§ **EXERCISE OBJECTIVE**:
Could you copy exactly the lines below from the one with "After the eyeshadow, I" to the one with "I will talk", inclusive, leaving out any pictures?

§ **RECORDS SHOWN**:
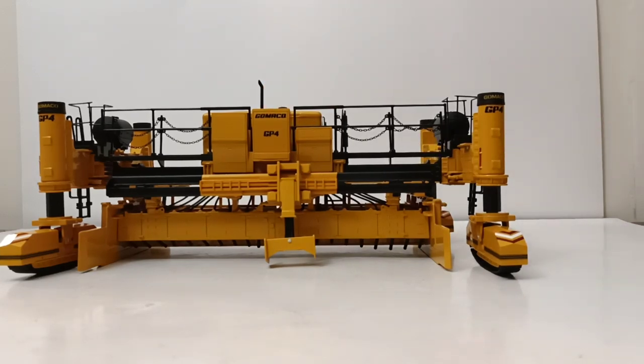So there you go - that's a review of the Gomeko GP4 in 1-32 scale by Diecast Masters. Before I sign off with this video, I do want to mention a couple more things. I promised you guys a look at the box.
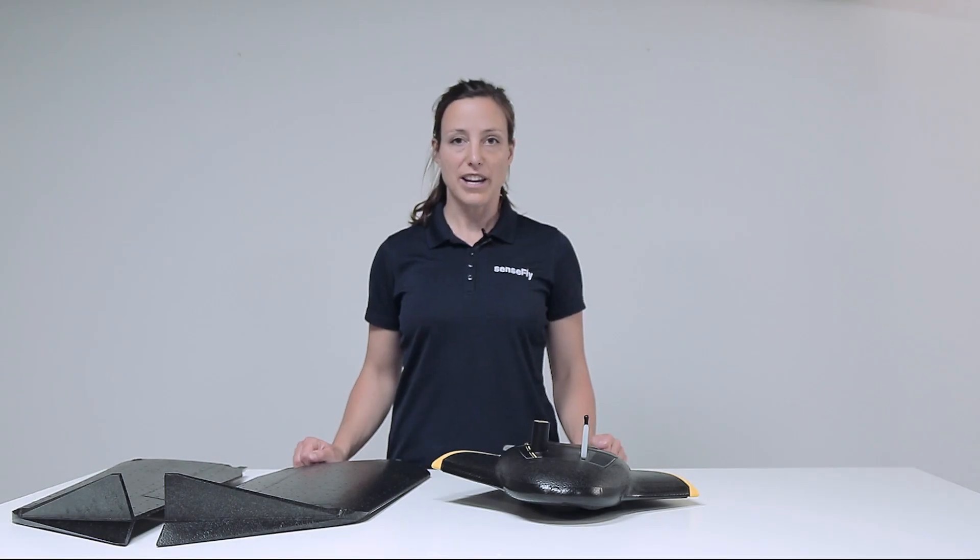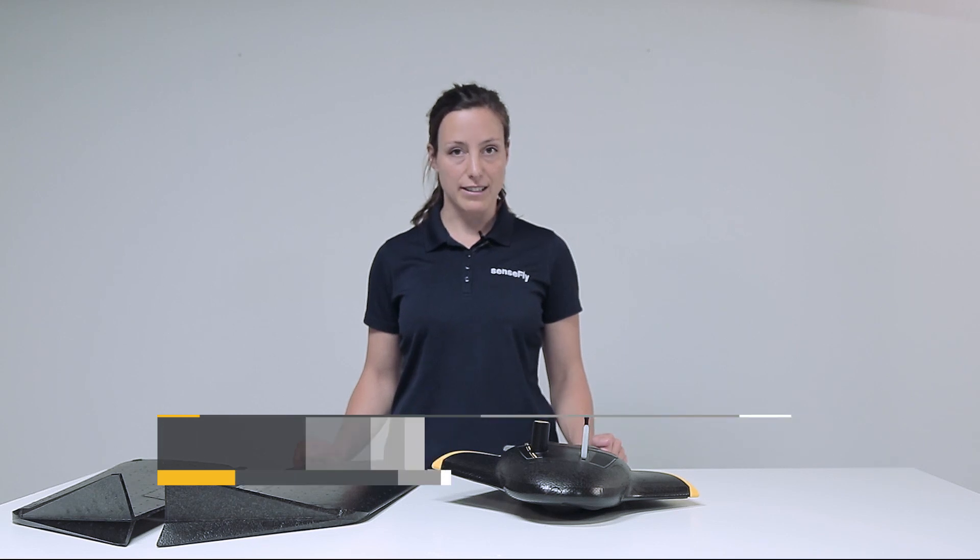Hi, my name is Andrea from SenseFly. In this tutorial I show you how to attach the wings to your EBX.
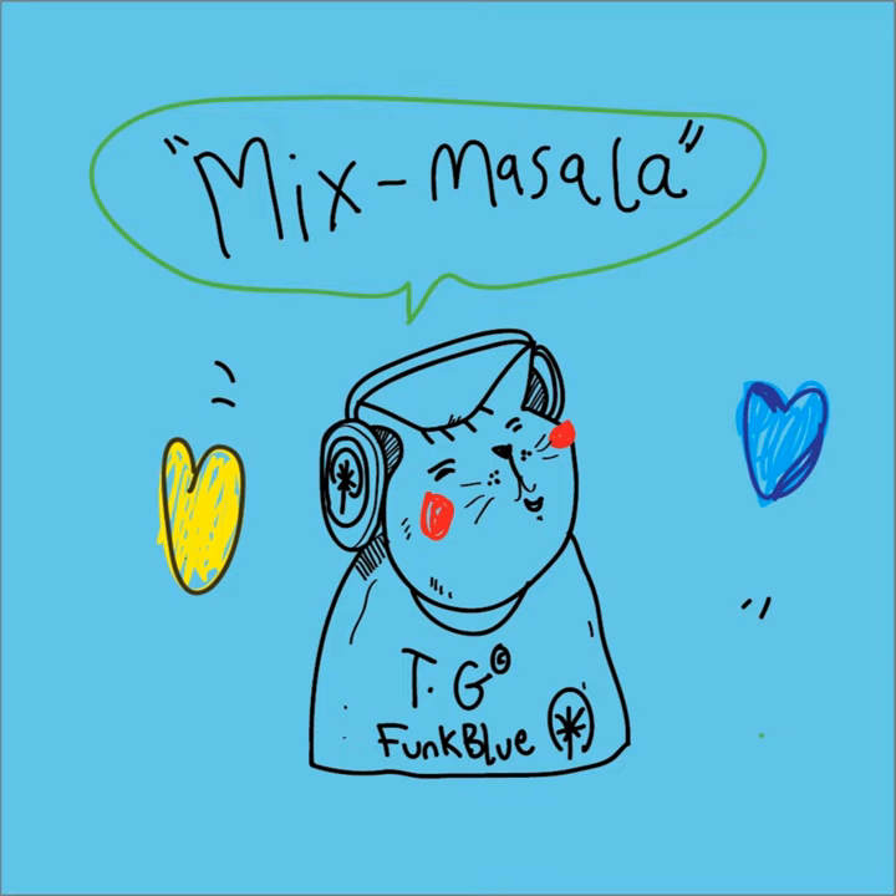Welcome back to Mix Masala with TG. This is the final part of the session with Vaso x Vaso. In this episode, the artist will focus more on the subjects that his artwork contains and how these visuals change with time — from his practice of photography and how it leads to miniature paintings. If you are listening for the first time, I would request you to listen to the first and second parts of the conversation with Vaso x Vaso to get a better understanding.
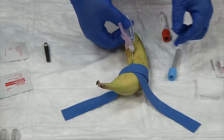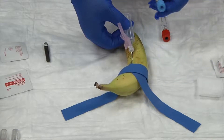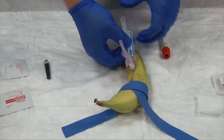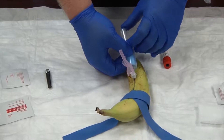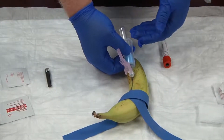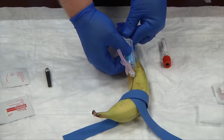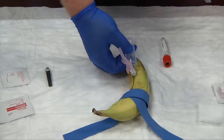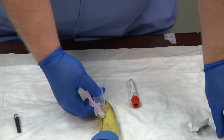Now I'm in my vein. I'm going to let go of my anchoring — my non-dominant hand is going to do the work now. I'm going to insert my blue tube first with the label side down so you can see the blood come in. For this demonstration we're going to pretend blood is flowing into the tube. Once it's full, pull it out gently, trying not to let your needle move, and invert it slowly three to five times, then set it down.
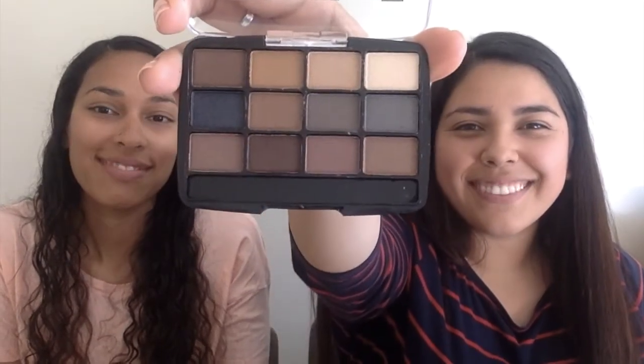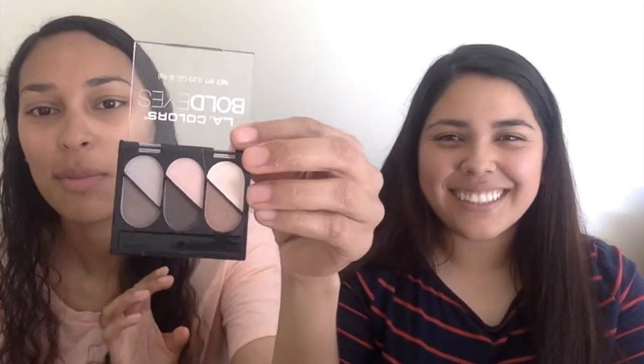After the eyeshadow, I got this L.A. Tellers eyeshadow in the shade Trimmy. And I got LA Colors bold eyes — it's so small compared to hers, but we'll see. I was about to use this. I think it's really beautiful.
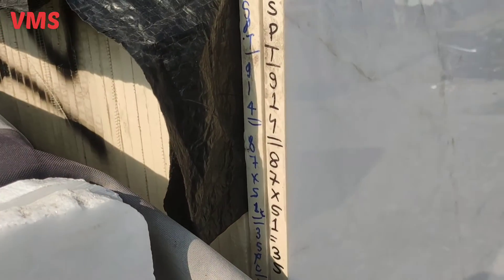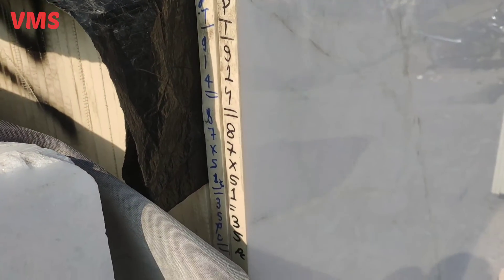I will talk about this thickness — this material has been processed in 20mm. This whole lot is 87 by 51mm.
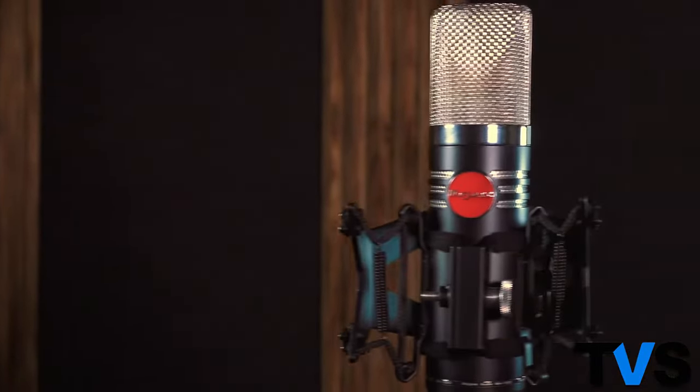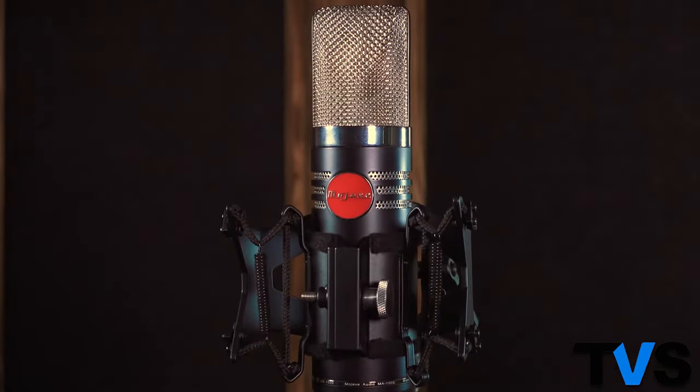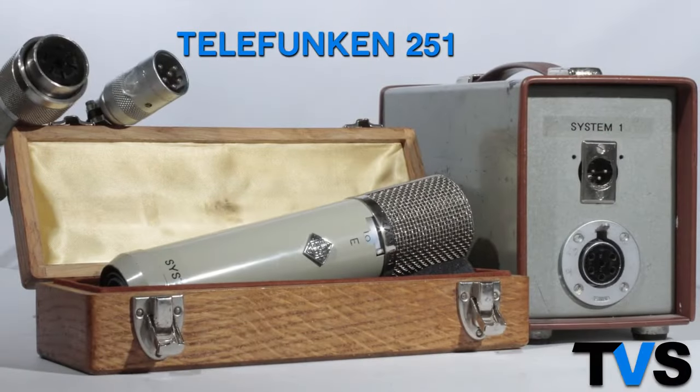We also do recordings in here, and today we're going to talk about the Mojave Audio MA1000. The Mojave MA1000 is a superb and gorgeous tube condenser microphone. It's designed by technical Grammy winner David Royer. It's David's take on a classic Telefunken 251, the holy grail of vintage mics.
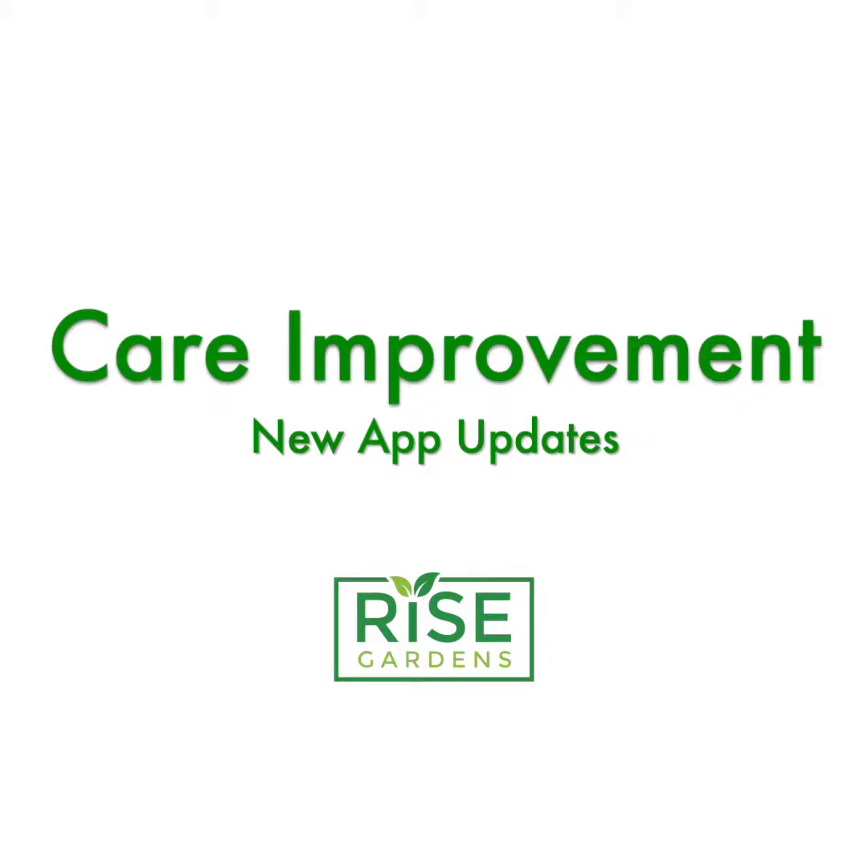Hi, this is Dan Kuhn, CTO of Arise Gardens. I wanted to show you one of the new features we have that help you provide better care to your plants.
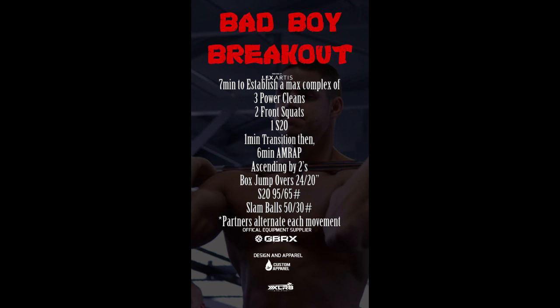If partner 1 begins on the box jumps, partner 2 begins on the shoulder to overhead, then partner 1 would do the slam balls. Partner 2 would do the box jump overs, partner 1 would do the shoulder to overhead, and partner 2 would do the slam balls. You will alternate in this fashion for the entire 6 minutes.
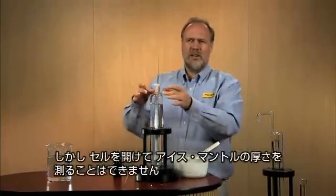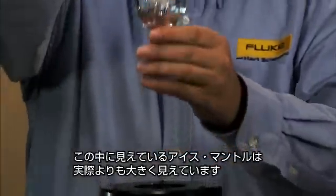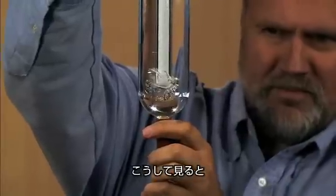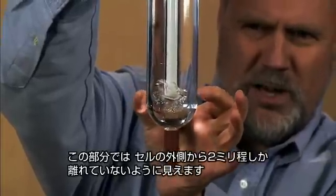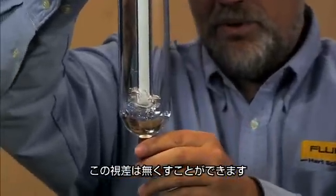Well, I haven't figured out a way to open that up and measure it with a pair of calipers. The ice mantle that we're seeing in there looks larger than it is. As I sit here and look at it, it looks to me to be just a couple of millimeters away from the edges of the cell down here.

§ **RESULT FOR THIS EXERCISE**:
After the eyeshadow, I got this L.A. Tellers eyeshadow in the shade Trimmy. And I got LA Colors bold eyes — it's so small compared to hers, but we'll see. I was about to use this. I think it's really beautiful.
I will talk about this thickness — this material has been processed in 20mm. This whole lot is 87 by 51mm.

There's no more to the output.